DIRECTIONS FOR THIS TASK:
Print exactly the line that contains "Artă și povești" along with every line beneath it to the end of the records below, and omit pictures.

-- EXCERPTED DATA follows --

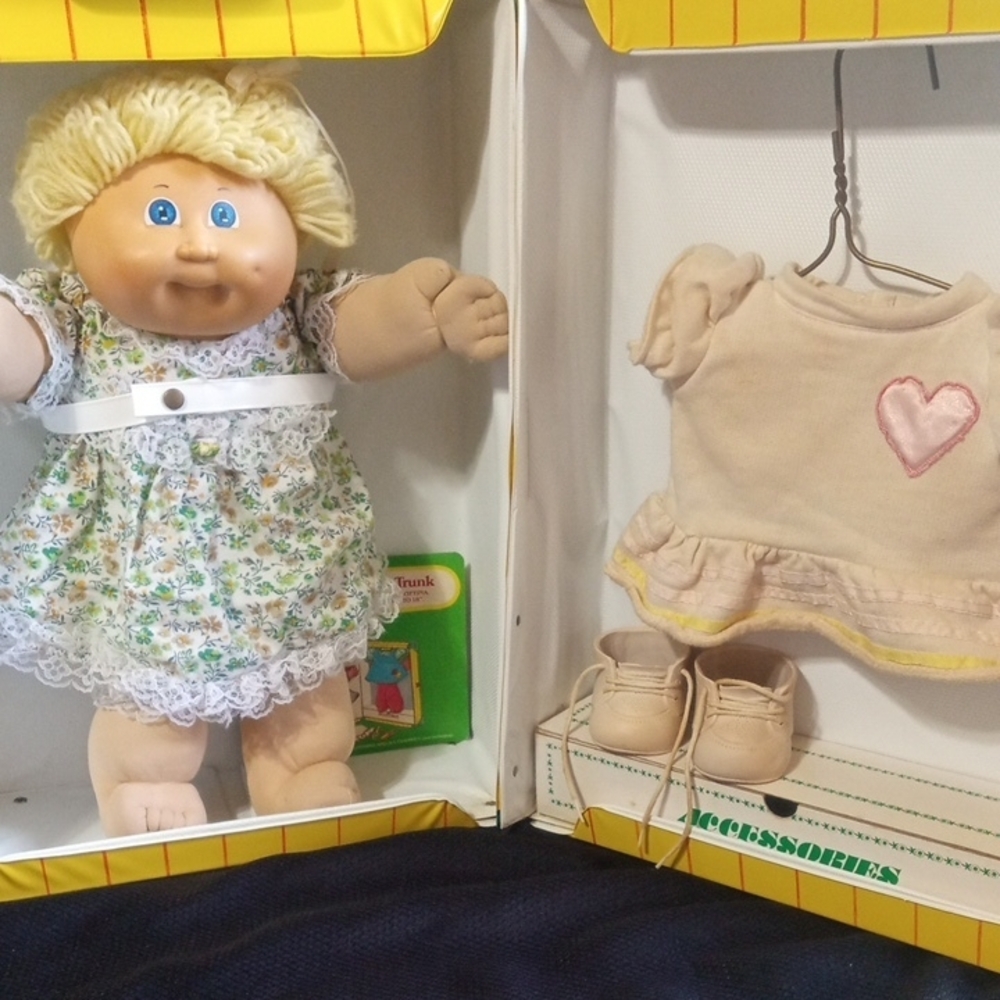 HTF Vtg 1984 Tara Toys Steamer Trunk Wardrobe + '83 Cabbage Patch Doll + Clothes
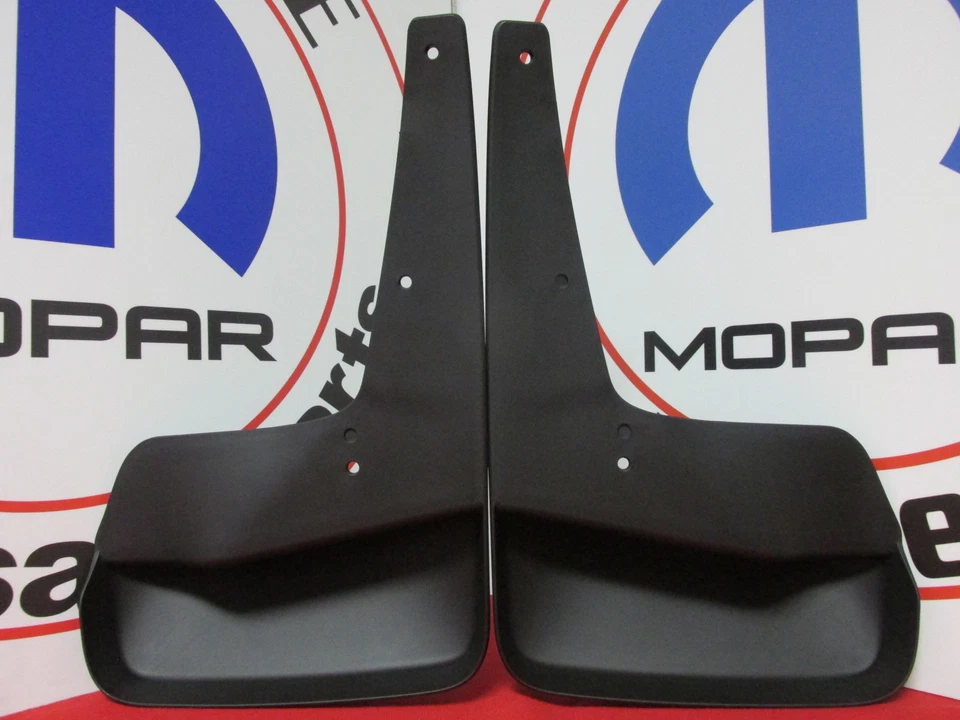 Kit de protección contra salpicaduras delanteras Dodge Grand Caravan Chrysler Town & Country NUEVO OEM MOPAR Foto 3 de 4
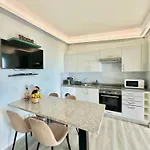 Hera House, Ponta Do Sol, Portugal 別荘 *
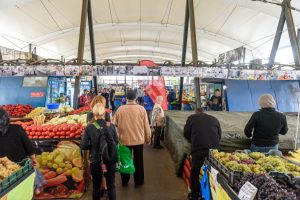 Artă și povești printre tarabe: Rod Festival, la Piața Badea Cârțan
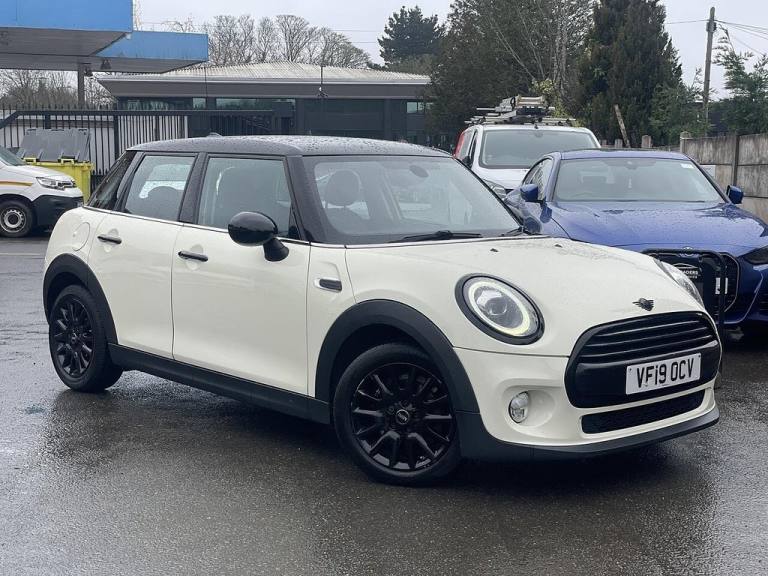 2019 MINI Hatch 1.5 Cooper Classic Hatchback 5dr Petrol Manual Euro 6 (s/s) (136 ps) Hatchback Pe...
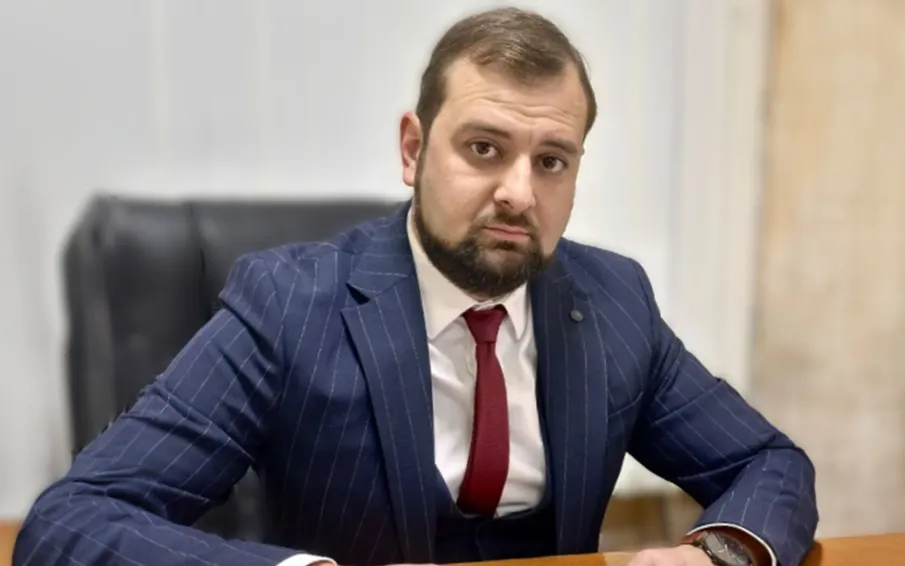 Александр Садовников назначен заместителем главы Администрации Усть-Донецкого района по сельскому хозяйству и перерабатывающей промышленности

-- EXCERPTED DATA concluded --

SOLVED PROBLEM:
 Artă și povești printre tarabe: Rod Festival, la Piața Badea Cârțan
 2019 MINI Hatch 1.5 Cooper Classic Hatchback 5dr Petrol Manual Euro 6 (s/s) (136 ps) Hatchback Pe...
 Александр Садовников назначен заместителем главы Администрации Усть-Донецкого района по сельскому хозяйству и перерабатывающей промышленности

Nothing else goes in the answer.